I'm involved in a project where data is aggregated from a wide variety of datasources into an SQL Server instance. The aggregation is continuous (via a polling service), and involves large volumes of data (millions of records). A set of Elastic Search indices are populated from the SQL Server data with each index containing a graph of data from across several sql tables.. Elastic search is then used to provide fast searching of records (speed is of the essence here).

The mechanism for populating and maintaining the elastic search index is under review, and this is the reason for posting:

  • What options are there for maintaining the elastic search index in this scenario?
  • Is there anything considered as best-practice?

I realise this is somewhat of an open question, but I'm looking for suggestions or opinions on what would be worth investigating. I've read some other posts on the subject, but they suggest using "rivers" which I think have now been deprecated.

It would be great if we can get some suggestions from the community...

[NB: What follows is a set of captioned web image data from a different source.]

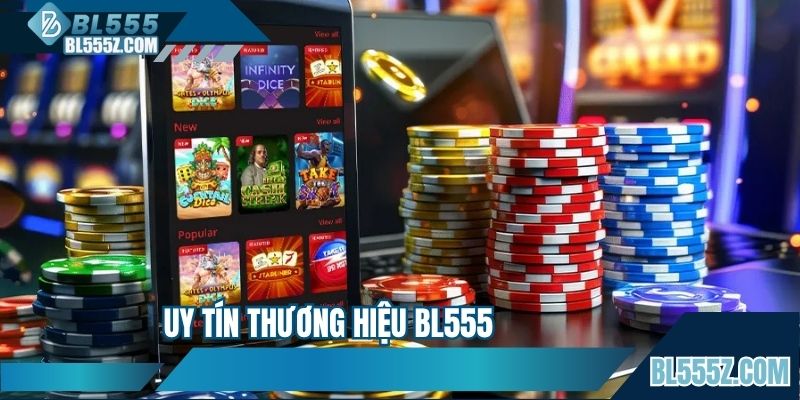 Uy Tín Thương Hiệu BL555 - Đánh Giá Về Sự Xanh Chín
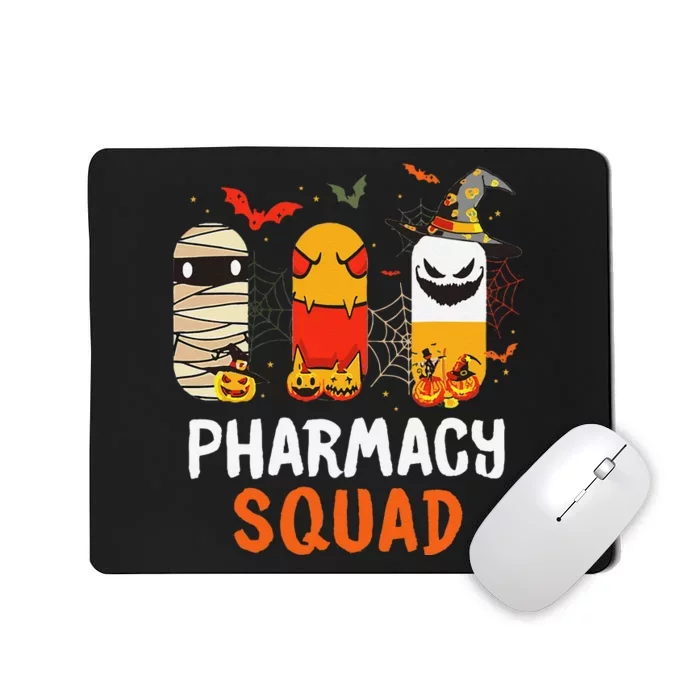 Funny Pills Pharmacy Squad Pharmacist Technician Halloween Mousepad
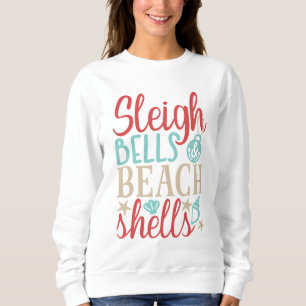 Sleigh Bells & Beach Shells Summer Christmas Sweatshirt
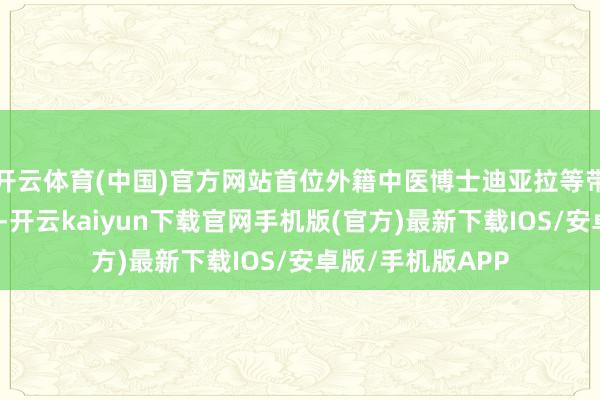 开云体育(中国)官方网站首位外籍中医博士迪亚拉等带教慎重的辅导下-开云kaiyun下载官网手机版(官方)最新下载IOS/安卓版/手机版APP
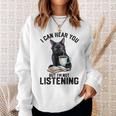 Funny Cat I Can Hear You But Im Not Listening | Cat Humor Sweatshirt Gifts for Her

I've just seen a webinar on using Spark to 'join' data and load into Elasticsearch. Is this a viable option for querying data from multiple relational schemas in SQL Server, sticking it together into objects and indexing into ES.

Any suggestions and advice will be appreciated!

[Note: I'm a colleague of RikRak]

1 Like

I shared most of my thoughts there: http://david.pilato.fr/blog/2015/05/09/advanced-search-for-your-legacy-application/

Basically, I'd recommend modifying the application layer if possible and send data to elasticsearch in the same "transaction" as you are sending your data to the database.

Thanks David. I'll take a look at this.

This topic was automatically closed 28 days after the last reply. New replies are no longer allowed.